Problem statement
When you write out the listing, keep every character and omit the pictures.

Raw data
☆ ☆ ☆ ☆ ☆

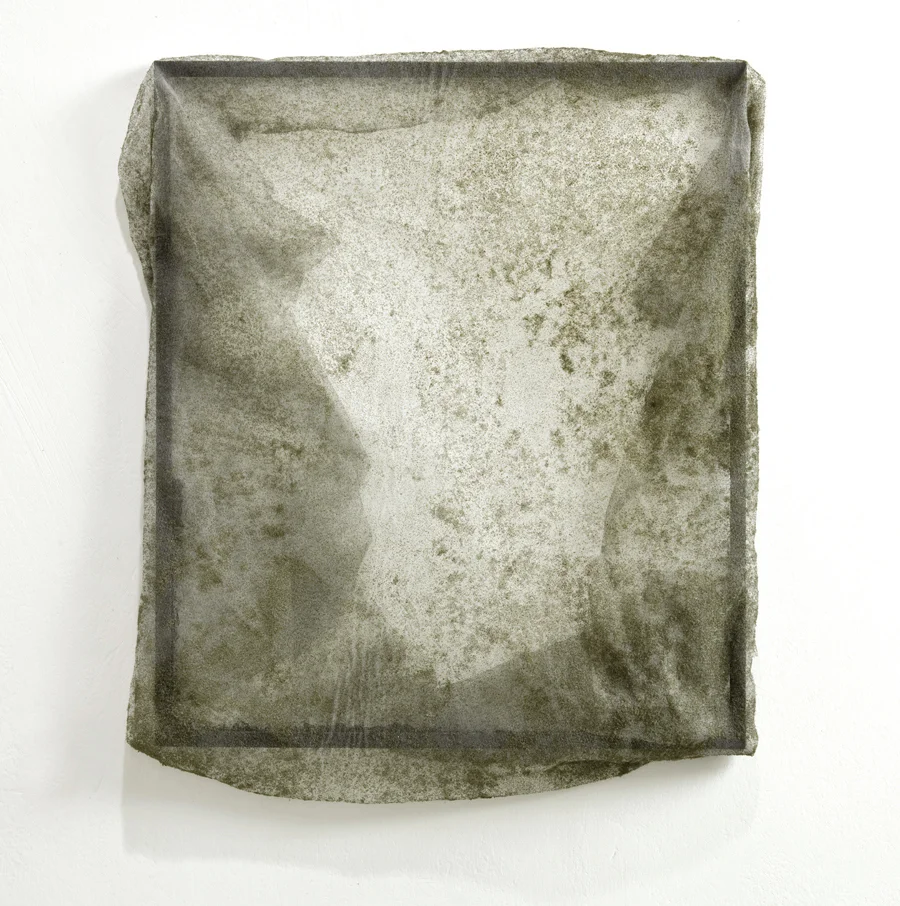 Untitled 2011 Wood, glass, veil 35 x 30 cm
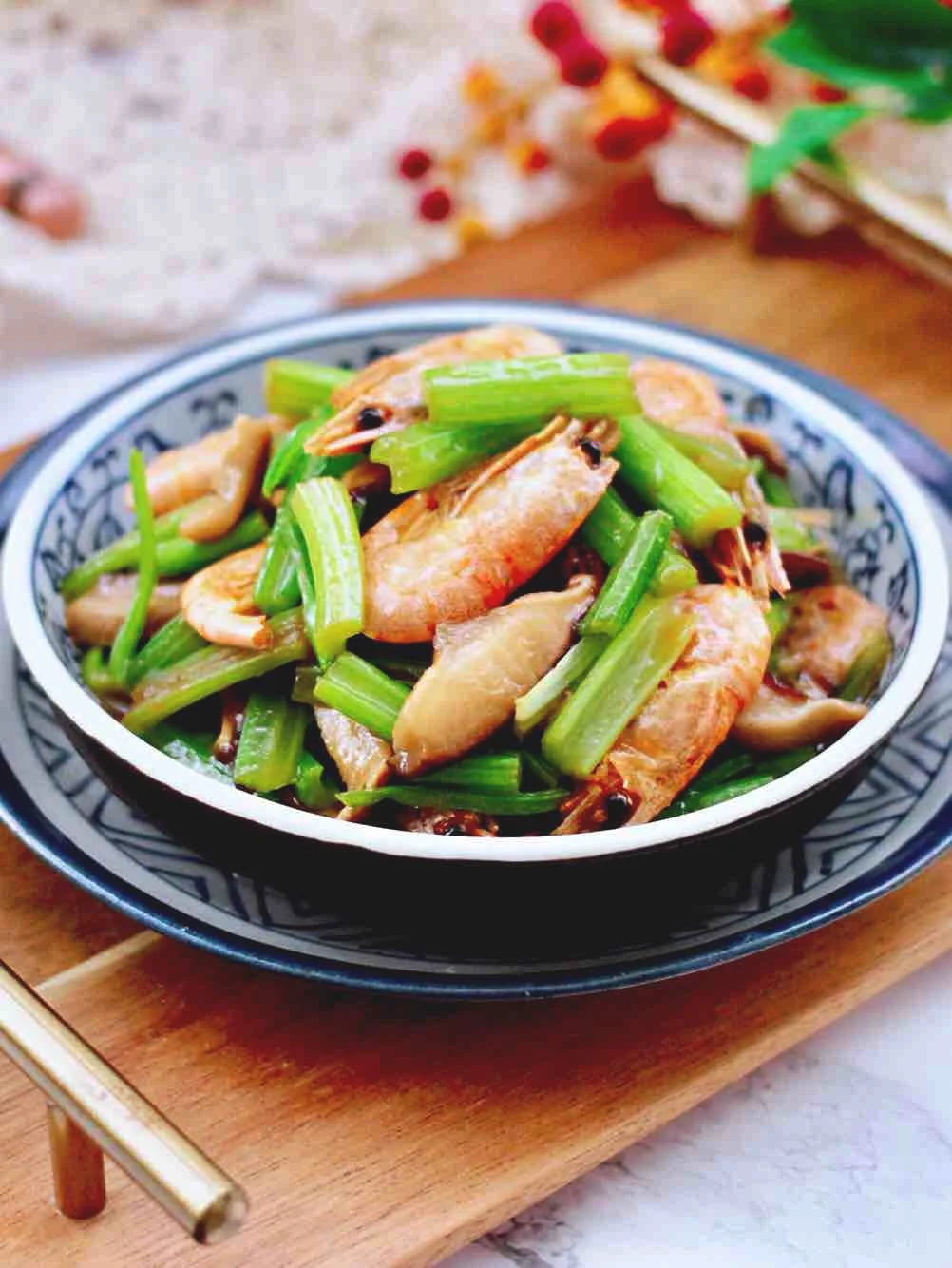 芹菜炒香菇的做法-咸鲜味炒菜谱
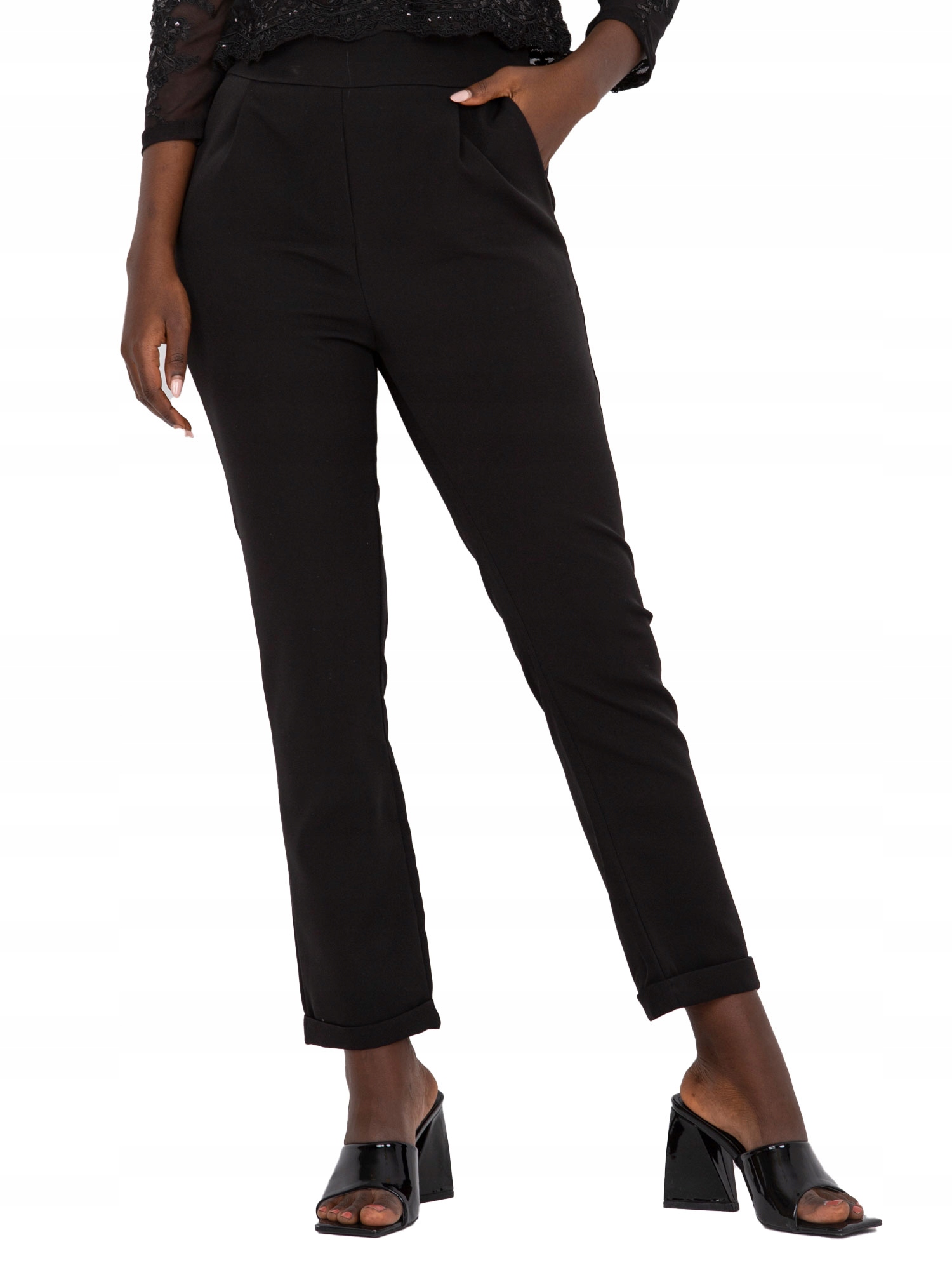 

Eleganckie Spodnie damskie Cygaretki - M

☆ ☆ ☆ ☆ ☆

Your response
 Untitled 2011 Wood, glass, veil 35 x 30 cm
 芹菜炒香菇的做法-咸鲜味炒菜谱

Eleganckie Spodnie damskie Cygaretki - M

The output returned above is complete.